*Source records*:
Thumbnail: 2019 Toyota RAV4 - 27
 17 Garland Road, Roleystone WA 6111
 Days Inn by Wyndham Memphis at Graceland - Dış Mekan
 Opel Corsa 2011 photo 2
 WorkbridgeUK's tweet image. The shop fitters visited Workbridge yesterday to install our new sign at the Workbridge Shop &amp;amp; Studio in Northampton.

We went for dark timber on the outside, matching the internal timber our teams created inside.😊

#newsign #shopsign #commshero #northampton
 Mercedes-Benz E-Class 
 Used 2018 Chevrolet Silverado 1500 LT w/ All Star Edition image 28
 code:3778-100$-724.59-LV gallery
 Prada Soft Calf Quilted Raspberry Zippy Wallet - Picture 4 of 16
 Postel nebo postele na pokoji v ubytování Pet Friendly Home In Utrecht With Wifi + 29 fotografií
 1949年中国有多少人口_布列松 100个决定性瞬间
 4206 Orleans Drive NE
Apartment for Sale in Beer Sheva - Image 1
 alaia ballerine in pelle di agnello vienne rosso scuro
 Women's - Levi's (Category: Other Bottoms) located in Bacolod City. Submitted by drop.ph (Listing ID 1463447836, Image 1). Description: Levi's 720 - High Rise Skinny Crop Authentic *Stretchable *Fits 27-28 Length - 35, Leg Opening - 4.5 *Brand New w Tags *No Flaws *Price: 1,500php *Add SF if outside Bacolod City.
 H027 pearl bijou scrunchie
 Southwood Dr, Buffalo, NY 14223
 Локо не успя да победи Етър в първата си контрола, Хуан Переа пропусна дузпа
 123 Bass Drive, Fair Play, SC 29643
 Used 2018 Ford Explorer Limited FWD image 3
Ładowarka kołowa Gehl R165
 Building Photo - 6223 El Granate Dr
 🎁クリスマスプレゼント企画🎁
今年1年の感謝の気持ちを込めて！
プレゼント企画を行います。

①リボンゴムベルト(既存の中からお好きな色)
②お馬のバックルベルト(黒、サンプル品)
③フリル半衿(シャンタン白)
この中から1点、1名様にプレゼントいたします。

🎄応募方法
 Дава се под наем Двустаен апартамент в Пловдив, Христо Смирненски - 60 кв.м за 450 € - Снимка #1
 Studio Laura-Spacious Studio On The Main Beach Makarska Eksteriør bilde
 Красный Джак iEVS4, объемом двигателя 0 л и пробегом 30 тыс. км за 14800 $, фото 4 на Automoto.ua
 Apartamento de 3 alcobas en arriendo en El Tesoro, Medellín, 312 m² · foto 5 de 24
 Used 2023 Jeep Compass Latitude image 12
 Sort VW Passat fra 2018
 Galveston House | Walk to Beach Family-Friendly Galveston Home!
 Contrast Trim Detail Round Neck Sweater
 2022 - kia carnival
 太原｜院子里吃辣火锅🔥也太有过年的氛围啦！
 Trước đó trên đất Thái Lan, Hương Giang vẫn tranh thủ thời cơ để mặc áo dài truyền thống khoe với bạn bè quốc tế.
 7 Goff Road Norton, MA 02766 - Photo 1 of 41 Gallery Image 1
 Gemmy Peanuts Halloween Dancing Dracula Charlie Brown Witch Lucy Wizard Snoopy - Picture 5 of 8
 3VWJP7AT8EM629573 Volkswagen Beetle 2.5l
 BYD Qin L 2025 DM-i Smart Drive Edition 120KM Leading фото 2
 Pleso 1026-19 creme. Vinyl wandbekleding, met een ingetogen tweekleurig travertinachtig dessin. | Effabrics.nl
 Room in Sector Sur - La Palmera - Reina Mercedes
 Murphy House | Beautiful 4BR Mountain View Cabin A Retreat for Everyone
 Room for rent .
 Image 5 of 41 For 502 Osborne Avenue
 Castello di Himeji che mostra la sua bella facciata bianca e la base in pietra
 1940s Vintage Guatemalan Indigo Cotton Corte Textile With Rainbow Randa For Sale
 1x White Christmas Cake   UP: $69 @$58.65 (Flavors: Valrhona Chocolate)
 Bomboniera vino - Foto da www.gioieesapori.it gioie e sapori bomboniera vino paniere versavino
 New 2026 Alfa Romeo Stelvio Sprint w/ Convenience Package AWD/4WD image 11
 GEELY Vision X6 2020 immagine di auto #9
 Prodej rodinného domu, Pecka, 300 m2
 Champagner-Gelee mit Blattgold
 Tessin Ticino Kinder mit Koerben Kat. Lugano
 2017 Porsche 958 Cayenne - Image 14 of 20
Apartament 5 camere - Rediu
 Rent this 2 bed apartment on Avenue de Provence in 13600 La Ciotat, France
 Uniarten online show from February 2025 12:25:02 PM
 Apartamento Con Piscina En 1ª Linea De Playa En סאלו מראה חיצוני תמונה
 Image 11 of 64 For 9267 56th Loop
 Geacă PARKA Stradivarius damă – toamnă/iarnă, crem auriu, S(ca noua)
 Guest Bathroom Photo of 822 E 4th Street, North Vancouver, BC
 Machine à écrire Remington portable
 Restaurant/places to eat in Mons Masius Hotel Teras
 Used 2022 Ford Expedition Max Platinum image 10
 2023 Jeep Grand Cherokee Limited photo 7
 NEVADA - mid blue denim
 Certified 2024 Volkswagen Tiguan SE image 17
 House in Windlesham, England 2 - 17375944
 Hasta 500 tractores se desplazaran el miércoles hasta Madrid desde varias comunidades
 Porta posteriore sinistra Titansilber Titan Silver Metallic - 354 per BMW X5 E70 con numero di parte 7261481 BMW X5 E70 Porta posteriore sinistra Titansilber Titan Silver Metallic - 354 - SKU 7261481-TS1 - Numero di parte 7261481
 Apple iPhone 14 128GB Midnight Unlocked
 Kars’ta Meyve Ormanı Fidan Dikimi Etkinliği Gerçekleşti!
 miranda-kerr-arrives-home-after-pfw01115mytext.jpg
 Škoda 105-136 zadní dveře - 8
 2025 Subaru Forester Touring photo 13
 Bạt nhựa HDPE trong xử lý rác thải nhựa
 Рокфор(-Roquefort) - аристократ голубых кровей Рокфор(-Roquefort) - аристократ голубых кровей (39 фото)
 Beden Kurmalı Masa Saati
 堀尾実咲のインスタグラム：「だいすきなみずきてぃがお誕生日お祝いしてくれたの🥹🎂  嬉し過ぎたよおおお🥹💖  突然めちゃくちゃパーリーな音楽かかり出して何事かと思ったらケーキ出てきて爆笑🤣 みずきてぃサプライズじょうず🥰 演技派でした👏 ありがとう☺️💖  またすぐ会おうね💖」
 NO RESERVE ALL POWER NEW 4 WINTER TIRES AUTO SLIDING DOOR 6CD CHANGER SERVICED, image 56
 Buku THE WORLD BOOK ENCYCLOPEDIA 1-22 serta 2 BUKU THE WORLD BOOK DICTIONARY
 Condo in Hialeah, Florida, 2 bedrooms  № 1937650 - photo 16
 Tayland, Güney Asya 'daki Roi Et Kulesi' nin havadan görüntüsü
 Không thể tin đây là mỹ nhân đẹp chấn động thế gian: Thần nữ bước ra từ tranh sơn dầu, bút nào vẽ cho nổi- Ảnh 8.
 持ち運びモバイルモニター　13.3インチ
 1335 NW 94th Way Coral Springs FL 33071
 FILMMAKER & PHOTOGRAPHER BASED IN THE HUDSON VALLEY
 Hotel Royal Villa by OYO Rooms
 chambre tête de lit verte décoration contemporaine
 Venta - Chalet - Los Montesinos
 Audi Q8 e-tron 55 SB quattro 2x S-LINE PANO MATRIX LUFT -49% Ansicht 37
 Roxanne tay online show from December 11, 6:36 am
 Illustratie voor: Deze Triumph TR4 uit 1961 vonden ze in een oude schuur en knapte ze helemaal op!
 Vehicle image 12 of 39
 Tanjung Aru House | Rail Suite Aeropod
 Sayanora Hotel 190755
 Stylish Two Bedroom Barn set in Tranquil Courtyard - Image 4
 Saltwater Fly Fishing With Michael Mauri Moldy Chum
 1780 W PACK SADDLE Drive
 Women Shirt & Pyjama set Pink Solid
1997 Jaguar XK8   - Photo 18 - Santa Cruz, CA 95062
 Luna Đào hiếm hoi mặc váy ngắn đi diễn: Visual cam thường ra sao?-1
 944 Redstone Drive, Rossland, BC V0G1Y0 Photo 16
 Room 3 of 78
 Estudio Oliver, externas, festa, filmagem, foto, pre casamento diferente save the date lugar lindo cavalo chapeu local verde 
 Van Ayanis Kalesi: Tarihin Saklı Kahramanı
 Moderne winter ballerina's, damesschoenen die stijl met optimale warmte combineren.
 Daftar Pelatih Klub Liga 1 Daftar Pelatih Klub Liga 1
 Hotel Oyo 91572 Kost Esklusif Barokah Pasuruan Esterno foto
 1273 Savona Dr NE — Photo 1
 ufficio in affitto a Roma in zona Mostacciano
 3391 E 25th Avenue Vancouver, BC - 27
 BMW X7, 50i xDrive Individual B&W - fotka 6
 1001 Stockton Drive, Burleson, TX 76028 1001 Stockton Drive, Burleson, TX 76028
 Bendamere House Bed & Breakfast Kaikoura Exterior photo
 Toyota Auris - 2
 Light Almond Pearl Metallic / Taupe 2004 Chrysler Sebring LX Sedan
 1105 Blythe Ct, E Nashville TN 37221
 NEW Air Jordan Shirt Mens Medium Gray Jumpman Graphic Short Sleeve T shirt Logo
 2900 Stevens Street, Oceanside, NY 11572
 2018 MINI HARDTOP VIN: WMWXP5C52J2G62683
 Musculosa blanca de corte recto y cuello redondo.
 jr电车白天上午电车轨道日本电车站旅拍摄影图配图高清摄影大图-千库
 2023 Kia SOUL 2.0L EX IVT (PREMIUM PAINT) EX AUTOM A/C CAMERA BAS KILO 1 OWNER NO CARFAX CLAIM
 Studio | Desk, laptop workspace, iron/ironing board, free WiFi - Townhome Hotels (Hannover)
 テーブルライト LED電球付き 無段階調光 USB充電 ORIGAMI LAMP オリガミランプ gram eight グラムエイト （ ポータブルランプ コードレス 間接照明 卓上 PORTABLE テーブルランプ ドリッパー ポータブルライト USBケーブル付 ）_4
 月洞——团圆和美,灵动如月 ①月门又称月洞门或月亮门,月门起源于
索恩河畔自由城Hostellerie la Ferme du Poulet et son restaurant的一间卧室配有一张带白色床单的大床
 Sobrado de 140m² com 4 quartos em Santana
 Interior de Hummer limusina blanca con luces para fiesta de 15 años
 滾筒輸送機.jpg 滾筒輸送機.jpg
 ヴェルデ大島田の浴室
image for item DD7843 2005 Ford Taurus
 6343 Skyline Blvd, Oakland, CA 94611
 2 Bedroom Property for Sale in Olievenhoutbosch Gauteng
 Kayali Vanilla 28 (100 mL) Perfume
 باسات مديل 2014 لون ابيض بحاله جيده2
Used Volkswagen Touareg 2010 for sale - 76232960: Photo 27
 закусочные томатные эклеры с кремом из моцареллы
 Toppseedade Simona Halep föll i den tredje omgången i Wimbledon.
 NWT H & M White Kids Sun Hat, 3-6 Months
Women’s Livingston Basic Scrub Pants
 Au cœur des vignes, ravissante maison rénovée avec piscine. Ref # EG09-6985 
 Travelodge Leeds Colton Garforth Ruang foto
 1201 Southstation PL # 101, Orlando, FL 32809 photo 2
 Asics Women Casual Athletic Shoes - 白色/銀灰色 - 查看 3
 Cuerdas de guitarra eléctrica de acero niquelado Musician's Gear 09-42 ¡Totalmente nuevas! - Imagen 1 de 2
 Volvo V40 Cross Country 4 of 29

*DESCRIPTION OF THE TASK*: Among the lines of the data above, find those with the word "Friendly" and show them.

*REPLY TO THE EXERCISE*:
 Postel nebo postele na pokoji v ubytování Pet Friendly Home In Utrecht With Wifi + 29 fotografií
 Galveston House | Walk to Beach Family-Friendly Galveston Home!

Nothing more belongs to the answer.